8 laps to the mile; the 200-meter dirt loop with small red cones marking the interior curb of the track seemed large and daunting. Outfitted in the latest No Fear shirt that dominated the 1990’s playgrounds, I was ready to take on history. I was 11-years old, about to run the mile as part of the yearly presidential fitness test. I’d given up hope on ever achieving the coveted Presidential Fitness award, as the dreaded V-sit and reach proved insurmountable to my naturally inflexible body. Instead, I turned to the event that I knew I could win, the mile.
The record board hung over the cafeteria as a reminder of who was not only the fastest in the school but the fastest person who ever graced Haude Elementary. 6:01 was the time to beat. With an individual positioned to call out splits which, at the time made no sense to me, I set out on my quest to break the record. I ran in the traditional way an 11-year old with no experience racing does. I went out hard, held on for dear life in the middle, and then gave it everything I had in the end. As I crossed the finish line, I collapsed to the dirt track. I’d used every ounce of energy to run as fast as my untrained body would allow me to. But it wasn’t enough, 6 minutes and 10-seconds was all that my body could muster. While most of my other class walked away from the dreaded mile, I laid there, exhausted. As it would years later, minutes passed before my faculties returned and I was able to walk in to transition from P.E. to classroom work.
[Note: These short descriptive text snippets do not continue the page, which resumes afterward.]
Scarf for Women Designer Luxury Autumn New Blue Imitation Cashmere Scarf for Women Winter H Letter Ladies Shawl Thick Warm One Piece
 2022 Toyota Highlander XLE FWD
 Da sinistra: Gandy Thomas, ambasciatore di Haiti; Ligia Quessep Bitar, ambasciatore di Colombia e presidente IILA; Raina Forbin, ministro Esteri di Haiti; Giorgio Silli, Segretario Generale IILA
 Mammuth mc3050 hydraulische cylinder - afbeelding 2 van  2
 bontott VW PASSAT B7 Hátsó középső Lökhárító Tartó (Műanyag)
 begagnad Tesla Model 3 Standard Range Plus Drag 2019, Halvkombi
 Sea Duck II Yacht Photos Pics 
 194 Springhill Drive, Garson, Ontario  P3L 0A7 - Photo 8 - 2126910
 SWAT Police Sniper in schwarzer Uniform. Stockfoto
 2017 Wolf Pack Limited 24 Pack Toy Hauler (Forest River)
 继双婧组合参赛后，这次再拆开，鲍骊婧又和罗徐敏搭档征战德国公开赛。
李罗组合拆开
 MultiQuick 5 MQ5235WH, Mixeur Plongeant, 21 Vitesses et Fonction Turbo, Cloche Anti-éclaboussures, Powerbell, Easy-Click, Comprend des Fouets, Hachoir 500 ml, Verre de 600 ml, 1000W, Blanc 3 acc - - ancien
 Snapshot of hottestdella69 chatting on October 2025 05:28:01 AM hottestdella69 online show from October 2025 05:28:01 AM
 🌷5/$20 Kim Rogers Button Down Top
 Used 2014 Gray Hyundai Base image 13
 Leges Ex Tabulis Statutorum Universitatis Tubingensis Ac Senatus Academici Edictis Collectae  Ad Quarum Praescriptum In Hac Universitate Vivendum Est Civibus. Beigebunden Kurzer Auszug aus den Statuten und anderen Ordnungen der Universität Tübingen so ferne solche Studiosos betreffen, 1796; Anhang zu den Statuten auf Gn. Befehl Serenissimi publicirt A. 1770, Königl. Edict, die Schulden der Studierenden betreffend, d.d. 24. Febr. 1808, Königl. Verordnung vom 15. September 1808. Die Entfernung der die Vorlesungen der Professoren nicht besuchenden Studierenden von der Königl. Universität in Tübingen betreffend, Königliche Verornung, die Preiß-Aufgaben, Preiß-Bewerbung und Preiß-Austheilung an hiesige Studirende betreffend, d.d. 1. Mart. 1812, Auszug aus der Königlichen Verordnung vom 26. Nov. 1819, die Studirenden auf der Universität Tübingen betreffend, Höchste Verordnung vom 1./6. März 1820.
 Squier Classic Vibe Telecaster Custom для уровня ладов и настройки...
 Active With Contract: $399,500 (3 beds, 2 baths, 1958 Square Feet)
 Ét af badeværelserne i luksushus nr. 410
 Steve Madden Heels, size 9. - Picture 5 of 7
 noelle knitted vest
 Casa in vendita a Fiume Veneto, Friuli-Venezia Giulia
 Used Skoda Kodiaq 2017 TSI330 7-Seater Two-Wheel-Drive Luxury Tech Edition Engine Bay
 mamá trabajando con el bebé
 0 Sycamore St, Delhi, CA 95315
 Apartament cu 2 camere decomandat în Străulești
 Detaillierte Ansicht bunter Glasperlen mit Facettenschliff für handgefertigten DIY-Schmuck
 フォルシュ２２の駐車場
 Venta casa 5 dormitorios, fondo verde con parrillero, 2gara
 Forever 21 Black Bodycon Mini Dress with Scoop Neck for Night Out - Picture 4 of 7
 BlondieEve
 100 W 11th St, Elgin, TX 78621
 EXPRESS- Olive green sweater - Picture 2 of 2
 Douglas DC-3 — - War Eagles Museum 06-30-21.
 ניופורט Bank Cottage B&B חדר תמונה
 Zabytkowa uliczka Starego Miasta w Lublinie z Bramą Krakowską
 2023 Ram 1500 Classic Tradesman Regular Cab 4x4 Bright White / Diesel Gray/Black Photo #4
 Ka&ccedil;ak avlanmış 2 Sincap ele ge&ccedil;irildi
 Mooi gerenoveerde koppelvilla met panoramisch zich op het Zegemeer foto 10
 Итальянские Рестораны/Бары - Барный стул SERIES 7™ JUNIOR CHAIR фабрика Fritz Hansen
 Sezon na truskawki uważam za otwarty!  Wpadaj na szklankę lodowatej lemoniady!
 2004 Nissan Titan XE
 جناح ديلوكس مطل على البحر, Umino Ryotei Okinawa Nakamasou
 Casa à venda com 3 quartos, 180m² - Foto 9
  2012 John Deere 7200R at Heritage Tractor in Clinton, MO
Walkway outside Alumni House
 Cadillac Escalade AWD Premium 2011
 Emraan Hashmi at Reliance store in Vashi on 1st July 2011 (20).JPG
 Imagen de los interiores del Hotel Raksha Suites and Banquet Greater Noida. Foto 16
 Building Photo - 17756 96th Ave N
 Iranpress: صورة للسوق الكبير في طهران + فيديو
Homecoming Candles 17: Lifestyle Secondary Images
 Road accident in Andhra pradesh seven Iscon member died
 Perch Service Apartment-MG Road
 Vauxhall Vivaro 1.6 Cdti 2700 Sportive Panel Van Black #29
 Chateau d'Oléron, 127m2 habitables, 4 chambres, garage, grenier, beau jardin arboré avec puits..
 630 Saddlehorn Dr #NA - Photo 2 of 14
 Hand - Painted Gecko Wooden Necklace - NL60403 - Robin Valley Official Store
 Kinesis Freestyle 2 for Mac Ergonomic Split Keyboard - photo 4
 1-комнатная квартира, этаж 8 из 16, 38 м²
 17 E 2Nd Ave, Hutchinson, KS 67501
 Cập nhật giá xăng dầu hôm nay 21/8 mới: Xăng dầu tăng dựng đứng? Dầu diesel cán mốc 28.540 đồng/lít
I’d learned one thing that day: running was hard.
A few days later, my P.E. teacher, Ms. Passmore, asked if I wanted another shot. She knew I was going for the record and felt bad that I’d gotten close. That afternoon, I told my dad that I had another shot if I wanted to. Encouraged by the possibility, I set out to train that evening. Taking to the field behind my house, I set off to run lap after lap until I had gotten in 7-minutes of running, or what I had figured was about a mile. My initial enthusiasm soon wore off and I wondered why in the world I was running in circles, causing myself such agony. “Was the record worth it?” was the thought that popped into my head about halfway through my first training run. When I finished, I distinctly remember thinking “Training is really hard! If I ran one mile every day for a few years, I could probably drop two to three minutes off my mile time in a couple ofyears. Then I’d have the world record.” Yes, as I walked into my house tired and hungry, I was convinced that if only I could just train one mile a day I would not only get me the Haude Elementary school record, but soon the world record.
As I returned to school the next day, I pulled Mrs. Passmore aside and told her, “I don’t want to run another mile.” I didn’t need a record, it didn’t mean that much to me. The training wasn’t worth it, even if it meant setting a world record.
It seems strange to look back and knowing where I ended up that I chose to say "running isn't worth it." Sure, I was only 10 years old, but just a few short years later my entire world revolved around the sport that I decided wasn't worth my focus and attention. There's a lesson in here that ties both David Epstein's new book Range and our book The Passion Paradox together. That even if we are talented at an activity, it doesn't mean that we need to be forced into pursuing it at the first sign of precocity. Sometimes we need time and space to explore and dabble in other interests, perhaps coming back to something we tried years earlier.
At 10, I wasn't ready to commit to an activity that matched up with my talent. At 14, I was. But I'd wager that if I was pushed and prodded to devote myself at 10, that I wouldn't have had the gusto and enthusiasm that carried me through running an absurd amount of miles during my teenage years. I needed time and space to explore. It's a nice reminder that even for someone like myself who was about as obsessive as a child could be, that it ultimately has to be our choice to pursue it. Even if we might be great at it. It's got to come from the individual.